Der UN-Fachausschuss zeigt sich auch 2023 in seinen Abschließenden Bemerkungen zum Artikel 19 UN-BRK "Unabhängige Lebensführung und Einbeziehung in die Gemeinschaft" besorgt über die weitgehende Segregation von Menschen mit Behinderungen in Heimen und fordert Deutschland auf eine umfassende Strategie zur Deinstitutionalisierung zu entwickeln. Auch sollten Hindernisse beseitigt werden, die Menschen bei der Wahl des Wohnortes behindern, indem das Angebot an erschwinglichen und zugänglichem Wohnraum erhöht, die Komplexität bei der Inanspruchnahme persönlicher Budgets verringert wird und der individuelle Bedarf zugrunde gelegt wird.

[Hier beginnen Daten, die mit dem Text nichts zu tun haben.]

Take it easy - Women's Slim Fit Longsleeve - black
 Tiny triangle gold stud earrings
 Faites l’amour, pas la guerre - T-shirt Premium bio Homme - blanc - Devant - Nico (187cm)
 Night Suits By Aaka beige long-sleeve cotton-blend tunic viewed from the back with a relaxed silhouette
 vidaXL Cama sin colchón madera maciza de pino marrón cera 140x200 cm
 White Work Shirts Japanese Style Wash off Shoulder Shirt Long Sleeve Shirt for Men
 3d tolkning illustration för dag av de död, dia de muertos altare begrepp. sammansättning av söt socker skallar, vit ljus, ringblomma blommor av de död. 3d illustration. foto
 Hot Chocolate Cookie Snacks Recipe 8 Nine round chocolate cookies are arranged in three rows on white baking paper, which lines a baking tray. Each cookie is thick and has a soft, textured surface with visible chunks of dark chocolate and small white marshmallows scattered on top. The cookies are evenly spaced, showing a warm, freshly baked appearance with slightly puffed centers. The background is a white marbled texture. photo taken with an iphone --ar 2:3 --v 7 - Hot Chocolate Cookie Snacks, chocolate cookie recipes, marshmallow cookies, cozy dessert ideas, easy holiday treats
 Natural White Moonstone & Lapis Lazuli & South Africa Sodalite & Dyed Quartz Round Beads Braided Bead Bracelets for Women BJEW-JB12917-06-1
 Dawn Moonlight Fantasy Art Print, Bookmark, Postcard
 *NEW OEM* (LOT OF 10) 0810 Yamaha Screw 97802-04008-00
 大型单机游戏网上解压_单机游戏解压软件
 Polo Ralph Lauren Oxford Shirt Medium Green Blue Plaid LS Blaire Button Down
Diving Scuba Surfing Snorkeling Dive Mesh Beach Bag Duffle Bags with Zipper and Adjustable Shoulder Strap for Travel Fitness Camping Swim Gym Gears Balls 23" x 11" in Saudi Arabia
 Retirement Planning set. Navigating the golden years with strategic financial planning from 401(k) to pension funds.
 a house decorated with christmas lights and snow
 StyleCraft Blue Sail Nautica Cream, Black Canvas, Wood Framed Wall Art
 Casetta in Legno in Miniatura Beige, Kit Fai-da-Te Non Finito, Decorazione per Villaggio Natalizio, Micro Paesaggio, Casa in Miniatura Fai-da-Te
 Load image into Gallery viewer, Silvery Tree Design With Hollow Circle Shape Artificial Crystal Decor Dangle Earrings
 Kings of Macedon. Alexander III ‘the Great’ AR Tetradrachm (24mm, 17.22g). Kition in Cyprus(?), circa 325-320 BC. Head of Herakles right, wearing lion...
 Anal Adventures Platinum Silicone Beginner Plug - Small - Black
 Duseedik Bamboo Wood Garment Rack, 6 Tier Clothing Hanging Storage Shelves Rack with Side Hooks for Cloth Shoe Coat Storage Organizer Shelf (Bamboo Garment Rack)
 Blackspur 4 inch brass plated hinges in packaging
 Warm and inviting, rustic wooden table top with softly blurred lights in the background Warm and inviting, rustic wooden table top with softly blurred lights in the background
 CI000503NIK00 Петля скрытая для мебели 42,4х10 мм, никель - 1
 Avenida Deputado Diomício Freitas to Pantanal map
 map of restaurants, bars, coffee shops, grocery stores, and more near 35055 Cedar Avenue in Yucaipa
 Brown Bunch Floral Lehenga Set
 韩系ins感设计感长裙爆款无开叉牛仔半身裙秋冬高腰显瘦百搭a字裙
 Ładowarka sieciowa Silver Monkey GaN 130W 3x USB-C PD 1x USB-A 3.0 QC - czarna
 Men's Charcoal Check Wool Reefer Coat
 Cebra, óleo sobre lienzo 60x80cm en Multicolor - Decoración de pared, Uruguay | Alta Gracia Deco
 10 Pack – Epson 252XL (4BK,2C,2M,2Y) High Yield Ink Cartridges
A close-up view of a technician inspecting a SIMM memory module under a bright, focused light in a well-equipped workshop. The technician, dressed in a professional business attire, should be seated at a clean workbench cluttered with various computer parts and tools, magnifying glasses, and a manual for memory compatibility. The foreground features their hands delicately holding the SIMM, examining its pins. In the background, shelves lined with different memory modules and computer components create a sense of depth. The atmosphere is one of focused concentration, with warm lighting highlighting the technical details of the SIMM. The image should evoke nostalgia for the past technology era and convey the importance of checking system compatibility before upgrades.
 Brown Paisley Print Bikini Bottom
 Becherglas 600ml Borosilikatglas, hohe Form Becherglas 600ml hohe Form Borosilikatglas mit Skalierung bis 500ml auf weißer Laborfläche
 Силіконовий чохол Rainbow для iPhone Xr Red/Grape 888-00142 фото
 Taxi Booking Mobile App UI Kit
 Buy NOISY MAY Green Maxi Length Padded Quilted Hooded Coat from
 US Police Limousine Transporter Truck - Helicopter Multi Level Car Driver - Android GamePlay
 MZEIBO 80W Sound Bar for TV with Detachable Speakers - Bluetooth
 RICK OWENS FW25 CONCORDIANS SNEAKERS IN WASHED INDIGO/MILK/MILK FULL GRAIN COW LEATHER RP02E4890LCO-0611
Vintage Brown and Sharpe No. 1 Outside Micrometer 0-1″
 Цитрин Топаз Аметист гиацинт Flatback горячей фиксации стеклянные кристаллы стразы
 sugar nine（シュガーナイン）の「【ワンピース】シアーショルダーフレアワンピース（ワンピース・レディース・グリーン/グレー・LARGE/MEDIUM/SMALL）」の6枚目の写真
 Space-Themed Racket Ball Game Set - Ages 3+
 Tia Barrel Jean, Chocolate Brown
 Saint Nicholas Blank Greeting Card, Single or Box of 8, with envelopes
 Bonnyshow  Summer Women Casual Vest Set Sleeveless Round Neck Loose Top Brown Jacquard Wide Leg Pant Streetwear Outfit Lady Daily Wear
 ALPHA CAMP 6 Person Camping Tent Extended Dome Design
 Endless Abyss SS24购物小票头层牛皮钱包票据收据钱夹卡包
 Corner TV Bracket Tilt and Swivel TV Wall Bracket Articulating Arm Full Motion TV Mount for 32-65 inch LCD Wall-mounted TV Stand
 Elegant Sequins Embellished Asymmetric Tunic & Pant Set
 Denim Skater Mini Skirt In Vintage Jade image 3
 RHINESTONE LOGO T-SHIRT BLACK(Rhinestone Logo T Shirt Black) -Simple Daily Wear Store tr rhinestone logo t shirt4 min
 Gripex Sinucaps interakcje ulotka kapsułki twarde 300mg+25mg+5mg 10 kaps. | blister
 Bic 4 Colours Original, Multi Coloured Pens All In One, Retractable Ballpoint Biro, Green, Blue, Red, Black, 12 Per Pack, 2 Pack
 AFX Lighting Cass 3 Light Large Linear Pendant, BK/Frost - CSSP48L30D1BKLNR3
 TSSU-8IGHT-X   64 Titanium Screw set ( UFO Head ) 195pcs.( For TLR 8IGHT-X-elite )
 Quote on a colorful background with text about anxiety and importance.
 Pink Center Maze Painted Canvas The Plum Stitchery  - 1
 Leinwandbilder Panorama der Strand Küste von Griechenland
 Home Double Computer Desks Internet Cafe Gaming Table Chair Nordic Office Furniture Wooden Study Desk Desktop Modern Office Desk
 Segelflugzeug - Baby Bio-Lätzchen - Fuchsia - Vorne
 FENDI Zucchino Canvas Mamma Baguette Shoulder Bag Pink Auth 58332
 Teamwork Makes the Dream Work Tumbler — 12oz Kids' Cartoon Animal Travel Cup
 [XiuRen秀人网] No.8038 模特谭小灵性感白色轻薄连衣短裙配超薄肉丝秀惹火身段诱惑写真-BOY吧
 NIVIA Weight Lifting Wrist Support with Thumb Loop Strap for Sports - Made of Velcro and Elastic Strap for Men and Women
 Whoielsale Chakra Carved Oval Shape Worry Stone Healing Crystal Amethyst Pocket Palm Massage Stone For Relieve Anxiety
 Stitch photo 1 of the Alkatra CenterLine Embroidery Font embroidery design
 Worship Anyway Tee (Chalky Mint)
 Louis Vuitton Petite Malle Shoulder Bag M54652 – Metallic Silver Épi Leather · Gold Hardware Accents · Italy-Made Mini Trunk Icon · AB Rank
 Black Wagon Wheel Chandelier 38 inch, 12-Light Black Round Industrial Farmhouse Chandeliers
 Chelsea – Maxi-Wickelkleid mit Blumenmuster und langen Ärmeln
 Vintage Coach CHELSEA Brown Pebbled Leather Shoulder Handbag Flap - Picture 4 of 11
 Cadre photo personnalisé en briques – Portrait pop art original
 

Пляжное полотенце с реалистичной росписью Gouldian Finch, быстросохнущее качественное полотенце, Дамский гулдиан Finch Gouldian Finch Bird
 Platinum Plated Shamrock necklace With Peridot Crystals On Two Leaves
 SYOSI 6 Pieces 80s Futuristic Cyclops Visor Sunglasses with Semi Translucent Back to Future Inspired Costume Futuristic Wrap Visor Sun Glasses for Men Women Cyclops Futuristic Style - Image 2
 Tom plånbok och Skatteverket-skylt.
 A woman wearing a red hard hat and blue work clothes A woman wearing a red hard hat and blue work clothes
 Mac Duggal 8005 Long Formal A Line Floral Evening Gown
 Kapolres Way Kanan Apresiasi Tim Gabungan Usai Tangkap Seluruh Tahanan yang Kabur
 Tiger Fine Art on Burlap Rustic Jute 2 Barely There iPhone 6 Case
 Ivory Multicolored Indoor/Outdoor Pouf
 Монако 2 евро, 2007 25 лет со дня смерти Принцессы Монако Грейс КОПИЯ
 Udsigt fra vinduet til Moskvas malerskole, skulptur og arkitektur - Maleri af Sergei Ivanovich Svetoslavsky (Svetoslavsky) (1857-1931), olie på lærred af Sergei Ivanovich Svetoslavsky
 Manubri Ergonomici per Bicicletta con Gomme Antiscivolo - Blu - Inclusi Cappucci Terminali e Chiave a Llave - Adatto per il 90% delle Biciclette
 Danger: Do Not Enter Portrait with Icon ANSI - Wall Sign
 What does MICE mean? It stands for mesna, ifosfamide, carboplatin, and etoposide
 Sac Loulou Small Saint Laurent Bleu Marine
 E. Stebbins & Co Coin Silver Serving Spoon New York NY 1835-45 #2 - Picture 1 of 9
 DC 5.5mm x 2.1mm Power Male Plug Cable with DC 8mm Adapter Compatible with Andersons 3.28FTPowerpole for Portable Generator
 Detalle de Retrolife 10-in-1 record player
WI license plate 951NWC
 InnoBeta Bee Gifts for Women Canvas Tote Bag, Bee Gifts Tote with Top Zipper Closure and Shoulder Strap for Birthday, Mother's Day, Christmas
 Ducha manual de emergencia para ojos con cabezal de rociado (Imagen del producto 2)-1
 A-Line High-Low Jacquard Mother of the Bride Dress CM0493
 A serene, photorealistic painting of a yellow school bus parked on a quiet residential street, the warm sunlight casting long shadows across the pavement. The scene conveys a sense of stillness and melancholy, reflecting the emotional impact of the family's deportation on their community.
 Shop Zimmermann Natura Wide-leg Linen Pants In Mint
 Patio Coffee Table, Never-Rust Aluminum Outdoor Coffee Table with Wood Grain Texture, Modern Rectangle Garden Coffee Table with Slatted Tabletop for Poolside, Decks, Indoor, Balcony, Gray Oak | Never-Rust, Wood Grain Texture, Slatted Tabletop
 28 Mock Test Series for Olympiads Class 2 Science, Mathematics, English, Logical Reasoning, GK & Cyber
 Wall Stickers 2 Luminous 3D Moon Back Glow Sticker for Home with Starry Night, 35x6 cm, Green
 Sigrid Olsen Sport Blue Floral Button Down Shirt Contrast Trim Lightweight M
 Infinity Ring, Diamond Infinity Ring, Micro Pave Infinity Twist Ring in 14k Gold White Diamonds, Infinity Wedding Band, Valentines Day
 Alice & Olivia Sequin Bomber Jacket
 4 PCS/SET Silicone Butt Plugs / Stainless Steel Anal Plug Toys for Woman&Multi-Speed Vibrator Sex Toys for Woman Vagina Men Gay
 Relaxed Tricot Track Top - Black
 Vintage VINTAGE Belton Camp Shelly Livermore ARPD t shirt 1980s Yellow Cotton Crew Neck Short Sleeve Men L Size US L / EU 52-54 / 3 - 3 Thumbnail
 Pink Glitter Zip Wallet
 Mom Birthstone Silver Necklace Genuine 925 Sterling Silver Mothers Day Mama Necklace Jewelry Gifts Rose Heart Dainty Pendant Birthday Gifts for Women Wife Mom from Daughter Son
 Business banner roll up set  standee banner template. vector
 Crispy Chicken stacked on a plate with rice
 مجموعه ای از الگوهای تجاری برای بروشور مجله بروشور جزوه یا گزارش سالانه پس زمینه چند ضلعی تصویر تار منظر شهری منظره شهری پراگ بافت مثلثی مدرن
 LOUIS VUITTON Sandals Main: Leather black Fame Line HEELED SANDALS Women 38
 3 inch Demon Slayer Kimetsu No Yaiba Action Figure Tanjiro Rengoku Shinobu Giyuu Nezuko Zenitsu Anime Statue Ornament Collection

Auch in den Bemerkungen zu Artikel 9 UN-BRK "Zugänglichkeit" kritisiert der Ausschuss das unzureichende Angebot an erschwinglichem, barrierefreiem Wohnraum und die oft unzureichenden Baustandards der Bundesländer. Er empfiehlt, die gesetzlichen Anforderungen an barrierefreiem Wohnraum für öffentliche und private Nutzung in Neubau und Bestand auszuweiten und zu verschärfen. Der Bau neuer nicht barrierefreier Wohnungen sollte nur in eng definierten Ausnahmefällen zulässig sein. Bestehende Normen für Barrierefreiheit wie DIN 18040-3 (Barrierefreies Bauen - Teil 3: Öffentlicher Verkehrs- und Freiraum) sollten ins geltende Recht überführt werden.

Das Forum "Wohnen" der BRK-Konferenz fordert unter anderem

  • ausreichend bezahlbaren, gemeindenahen barrierefreiem Wohnraum schaffen und den sozialen Wohnungsbau unter inklusiven Gesichtspunkten fördern.
  • In den Landesbauordnungen Regelungen aufnehmen, die die uneingeschränkte Barrierefreiheit im Neubau verpflichtend und zum Standard machen. Ausnahmeregelungen aufgeben oder auf das Minimum beschränken.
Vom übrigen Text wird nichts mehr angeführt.